And so the days are filled...

16 September 2005

Momentary history commentary

I have no news to report on the knitting front but I feel bad leaving you, dear reader, all weekend without a post to mull over. To mark today being the big gala kickoff for the annual NSW History Council's History Week, here I will present a short essay in NSW State Library catalog entries for the subject heading of 'knitting'. Surprisingly, when one searches the NSW State Library pictures catalogue on-line, there are only 16 items that come up for knitting (but close examination reveals that at least the cataloguers have not randomly stuck in some crocheting for good measure.) Not surprisingly, most of these entries have to do with women (and some men) knitting socks for WWI soldiers. Does anyone know if there was such a big sock-knitting effort for WWII??? Funny, you don't hear about that as much, do you. Just goes to show what a little industrialisation and machinisation can result in over a few decades.
I enjoyed the following three catalogue entries as a group.

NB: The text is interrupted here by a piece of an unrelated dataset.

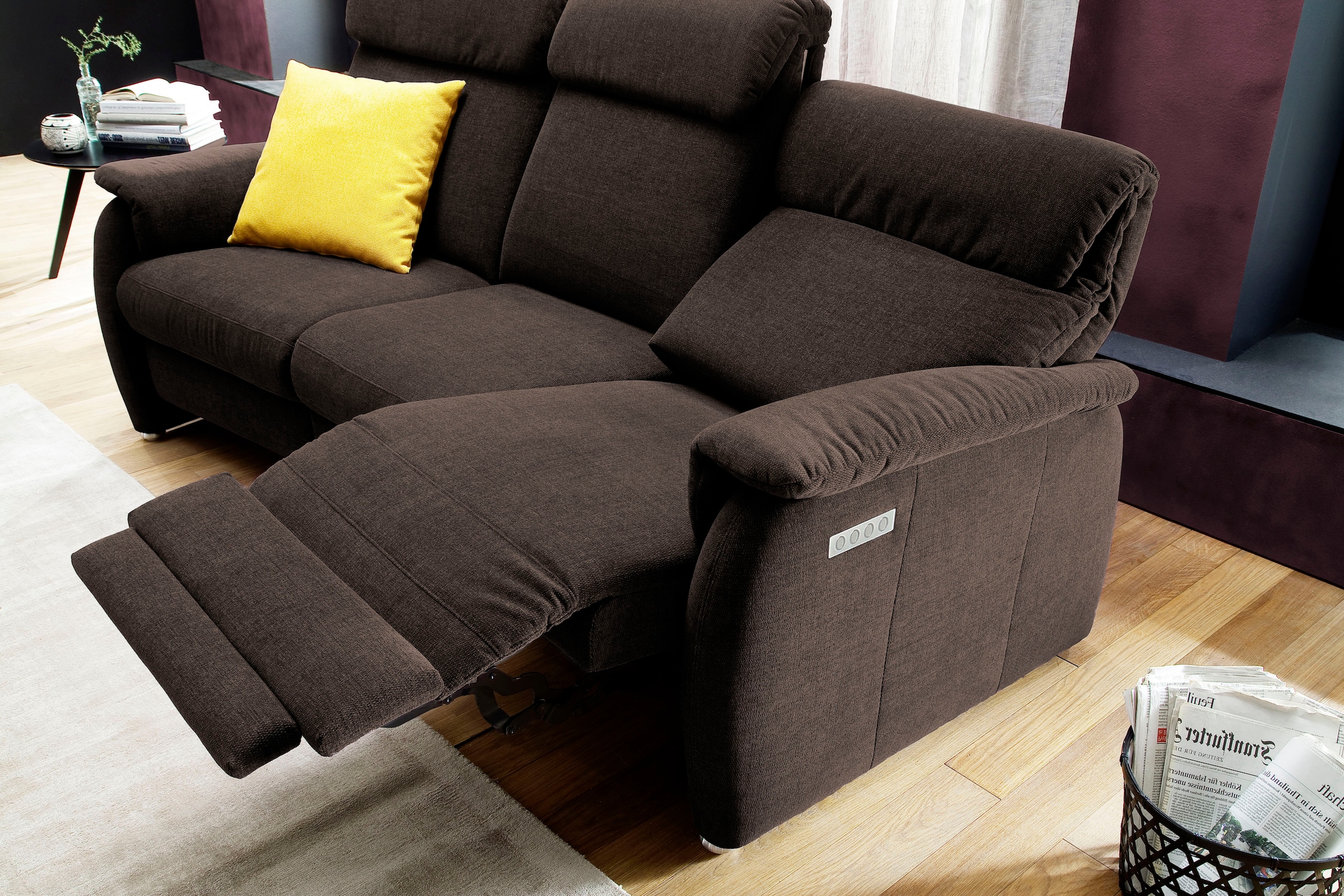 Home affaire Sofa »Turin«, mit motorischer Relaxfunktion, Tisch, Leuchte + USB-Ladestation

Now, because I'm the daughter of a librarian and worried about copyright, I'm not reproducing the first image as a full-size photo, I'm just giving you the catalogue entry. If you want to see the image all big and in detail, you can click here. (It'll even open in a new window for you.) (In this way, I hope to promote the use of my very favourite cultural institution, the Library.)

What I love about this image is that you can see the photographer in the foreground arranging a self portrait with knitting friends by taking a photo in the mirror. Has ramifications for modern-day knitblog photography, yes? Look at the size of that camera. I love that it is a woman portraying her own group of women - they're not staged or arranged. If you look at the other 15 catalogue entries for knitting, what you will see are mostly posed photos of women knitting. Because the photographer is including herself and her method of capturing the image in the photograph, I think it is much more personal and therefore more revealing.

What are they knitting? On first glance, it appears the two ladies on the left are working on socks. There are definitely dpn's in use on the far left. One thing that puzzles me is what the centre two women are working on. Far too much knitting to be socks - maybe beanies? (Dear international reader, that means woollen cap, or toboggan if you're from where I'm from and you like just assigning new meanings to words which already have a perfectly acceptable meaning to the rest of the world.) But on closer inspection, perhaps they are each working on a sleeve each for a jumper ??? (Dear North American reader, that means sweater in your language.)

Another interesting thing to note about this image is its inscription: "A souvenir of today at Cudgewa [VIC] 25.10.16" - It makes me think this gathering for knitting, perhaps a more mournful, given the circumstances, version of modern day Stitch n Bitch. The cataloguer has then [gratuitously?] added "It looks something like a Red Cross meeting, but it's just the normal state of patriotic girls during the Great War." Now come on. Women can get together and knit whenever and where ever they berloody well like! They don't have to be at a Red Cross meeting. Anyway, the reference to the Great War makes me think the cataloguer was writing at a time before or just after WWII, and he sounds a bit like a knitting widower himself ('just the normal state of patriotic girls') so I'll cut him a bit of slack.

Now we come to catalogue entry two. I cannot show you this image because it is definitely in copyright and, as the library tells me, can only be viewed (in person) at the library. However the catalogue entry (here is the full record) alone gives me a tantalising idea of what the image contains: "Two women knitting at the clothing trades protest meeting in Sydney Town Hall", 1955.
Whoa! This is radical! I'm not joking! It is 1955 - the days when any trade union was a Communist threat, a time when women were gaining independence and demanding equal treatment in the work force, AND to me it sounds like they were protesting what we would nowadays call a sweatshop. It is really such a bold move for two women to whip out their needles and show that they are skilled workers who will not be driving out of the workforce or into poverty by a machine!! (Bluegrass fans will know of John Henry. These women are the John Henry's of the Australian clothing industry. At least I think so, I should really see the actual image first before leaping to this conclusion.)

And third image - well catalogue entry (this one's copyright too): Here is the full record.
Knitting mills at Concord and Smithfield (Sydney suburbs), photographed in 1998. I think these are one-man (yes, man) cottage industry workers operating knitting machines. A Transylvanian man working from his garage so that fashion label Sonya can be more 'responsive to the changing fashion market'. This is where mass knitted fashion comes from nowadays. Strange to think of it, especially in light of the previous two entries. In fact I've just about run out of steam...

Something for you to mull over as you knit away at your craft over the weekend.